======== THE INPUT ========
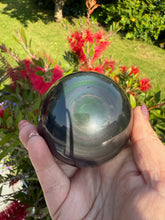 Load image into Gallery viewer, Rainbow Obsidian Sphere 6.4cm dia
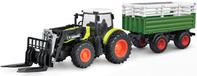 Amewi RC Traktor mit XL-Zubehörpaket LiIon 500mAh grün/6+ (22641) von AMEWI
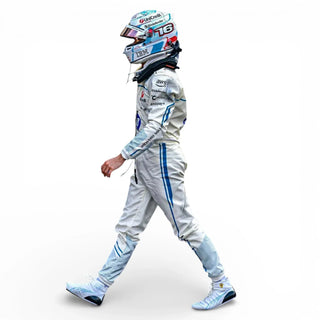 2025 Charles Leclerc Scuderia Ferrari White F1 Race Suit – Monaco GP - Rustle Racegear
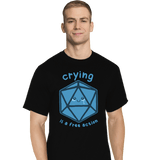 ShirtPunch Crying Is Free, view 4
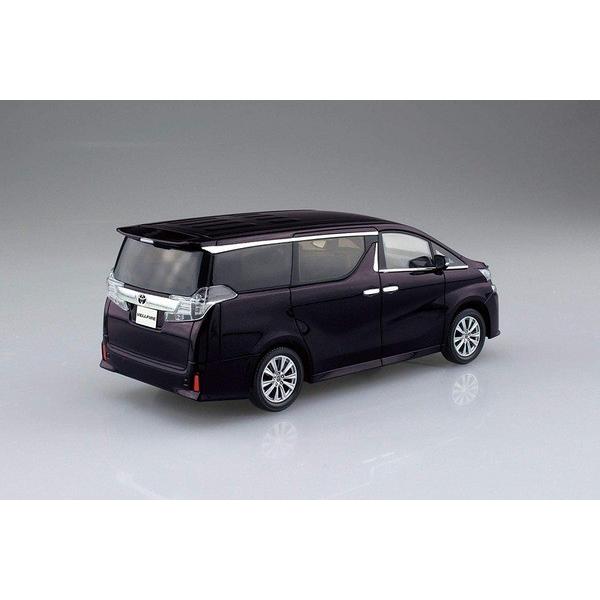 アオシマ ザ・スナップキット楽プラ No.04-C 1/32 トヨタ ヴェルファイア(バーニングブラッククリスタルシャインガラスフレーク) ※接着剤不要 |  | 01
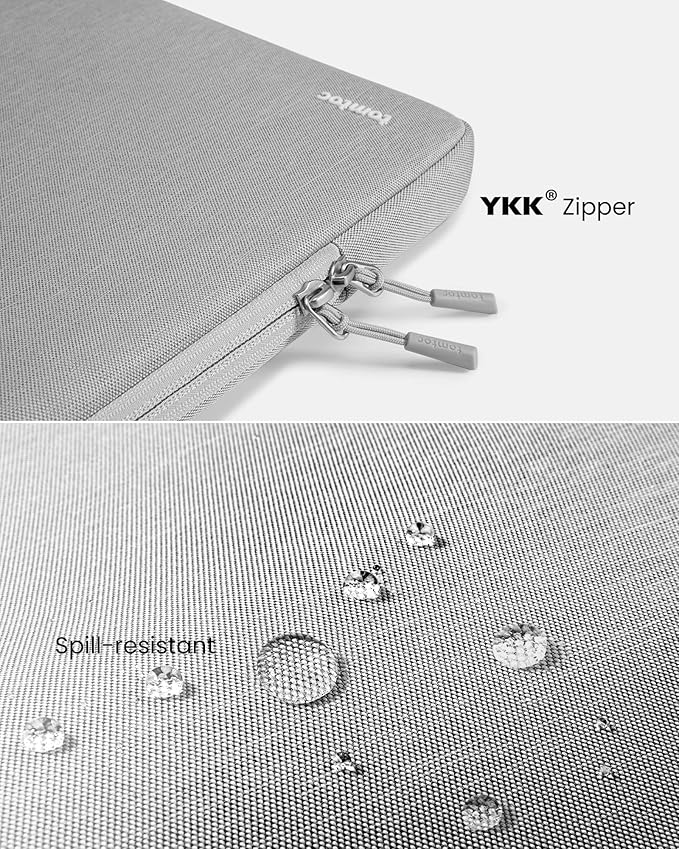 tomtoc 360° Protective Laptop Sleeve for 15-inch MacBook Air M4/A3241 2025, M3/A3114 2024, M2/A2941 2023, 15-inch MacBook Pro A1990 A1707, Dell XPS 15 Plus Laptop, Water-Resistant Computer Case Bag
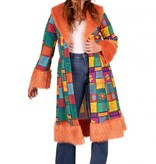 Hippie Jas Dames Lang Patchwork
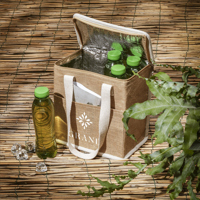 Jute and cotton cooler bag 263746_311 (Natural)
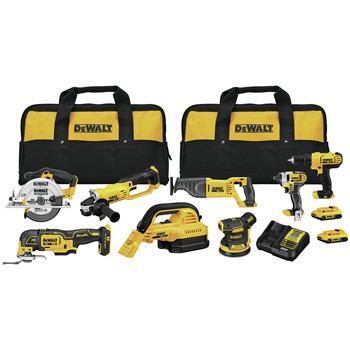 Dewalt 8-Tool Combo Kit - 20V MAX Brushless Cordless with (2) 2Ah Batteries - DCK883D2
========
Only the lines from the line with "アオシマ ザ・スナップキット楽プラ No.04-C" through the closing line of the data, both included, should be set down, exactly as written and without pictures.

 アオシマ ザ・スナップキット楽プラ No.04-C 1/32 トヨタ ヴェルファイア(バーニングブラッククリスタルシャインガラスフレーク) ※接着剤不要 |  | 01
 tomtoc 360° Protective Laptop Sleeve for 15-inch MacBook Air M4/A3241 2025, M3/A3114 2024, M2/A2941 2023, 15-inch MacBook Pro A1990 A1707, Dell XPS 15 Plus Laptop, Water-Resistant Computer Case Bag
 Hippie Jas Dames Lang Patchwork
 Jute and cotton cooler bag 263746_311 (Natural)
 Dewalt 8-Tool Combo Kit - 20V MAX Brushless Cordless with (2) 2Ah Batteries - DCK883D2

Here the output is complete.